Here, she stimulates through vivid innovation, weaving together the actual with the fantastic. I am reminded of the worlds created by both Colombian writer Gabriel Garcia Marquez and Mexican painter Frida Kahlo; similar to their creative work, each poem of Vasquez Gilliland’s serves as a canvas, full of color and depth. Her stanzas are a braid of daily life and the magical.

Vasquez Gilliland is indeed a storyteller, and creates a new mythology in which women are honored and given an authority not typically recognized, such as in “Exiles of the Wild Moon,” which explains natural phenomena, through tales of Amazon-like moonwomen:

Exiled from home, the moonwomen wandered and settled into
honey and gold lands, carrying with them their altars of bone, char
and wood. The moonwomen stole the secrets of metal and spent
years alchemizing armor, shields, bows, arrows. Some echo must’ve
flown back to warn them, some river mirror scry pointing the way…

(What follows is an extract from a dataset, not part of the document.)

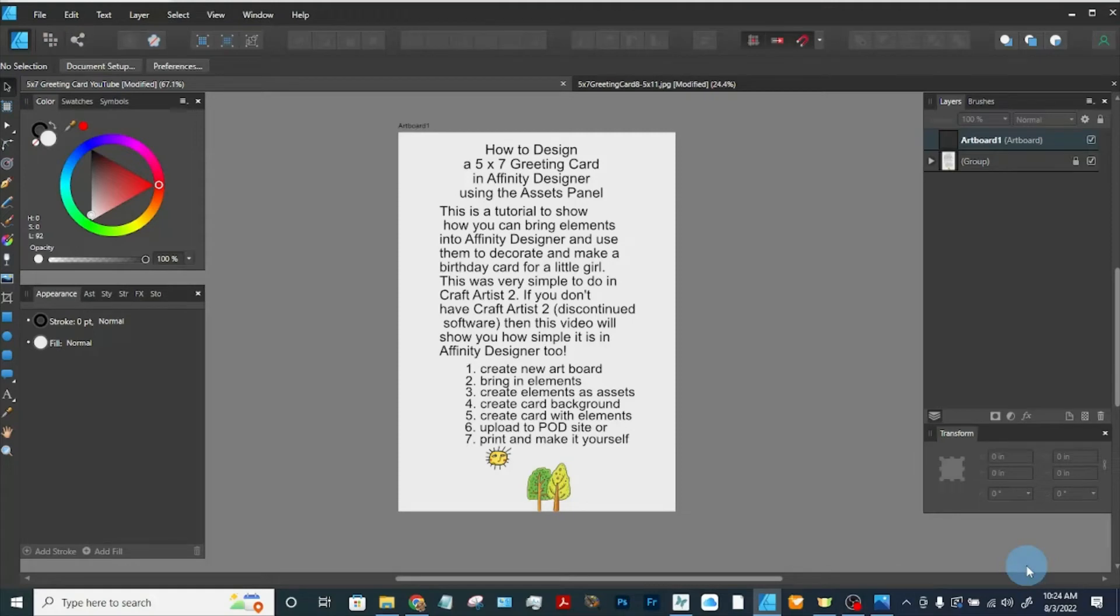This is a tutorial to show how you can bring elements into Affinity Designer and use them to decorate and make a birthday card for a little girl.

The collection presents a lineage of women who have faced adversity and overcome, women who have traveled to the United States from other nations in hope of a better life or women who, over the centuries, have experienced violence because of their sex: “The body is your temple, they claim, / unless you are a woman. Then the body / is clay with breasts and holes.” This confirmation of common experience, is exemplified in the prose poem “Constellation,” where Vasquez Gilliland reclaims what has often been silenced:

Cup spiced moonlight in your palms and smooth it over this body,
where it aches, where it has bled and mourned and jumped and fled.
The light will dissolve the pieces of eggshells still stuck to the palms of
your feet. The light will settle into the turned leaves of your veins. The
light will breathe into your wounds until they glow. Until you are full of
gold shimmer stars. Until you are a constellation of womanness —

“Constellation,” as in many of Vasquez Gilliland’s poems, passes courage and healing down to multifold generations. Her work encourages, edifies, and confirms.

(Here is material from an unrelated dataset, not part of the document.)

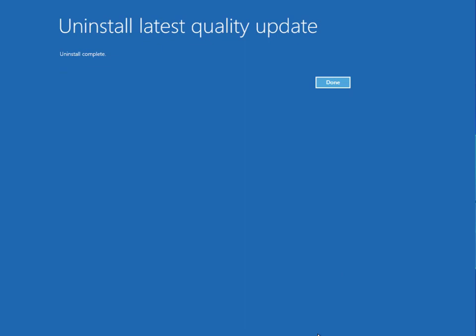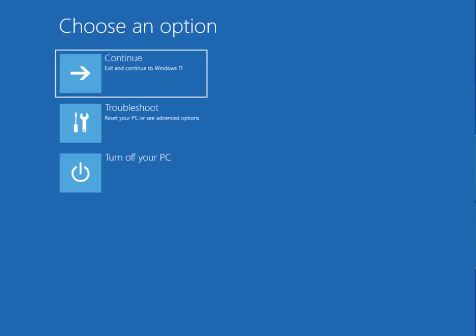So guys, finally uninstalled my latest update and then start. You click to Done and then click to Continue Windows 10.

As the collection continues its tapestry, I am reminded of the indelible link between the present and ancient times, with the tales that have guided and preserved cultures for millennia. When I read pieces like “Las Medusas” or—one that continually strikes me—“The Fish People Created Rivers,” I am given the opportunity to revisit the significance of repetition to guide one’s memory and the folklore depicting how our world came to be. Vasquez Gilliland tells creation stories to the reader as if she recognizes a contemporary hunger, and need, for truth-seeking; as if our days filled now with newsfeeds, updates, and tweets, have turned our insides empty, and there is a search for what is real.

Vasquez Gilliland’s work is more important now than ever, as our nation marches for women and survivors of sexual abuse, marches for immigrants searching for a better life, and marches for equality. In Vasquez Gilliland’s poems, there is validation and reassurance. They tell stories of the unheard and marginalized, demonstrating a beauty and a pain that I know I have benefited from hearing. Dirt and Honey is the marriage of body and earth, a song-like promise of love and perseverance. Dirt and Honey is an important poetry collection, and I am sure I will find myself reading and meditating again on the message Vasquez Gilliland bravely shares.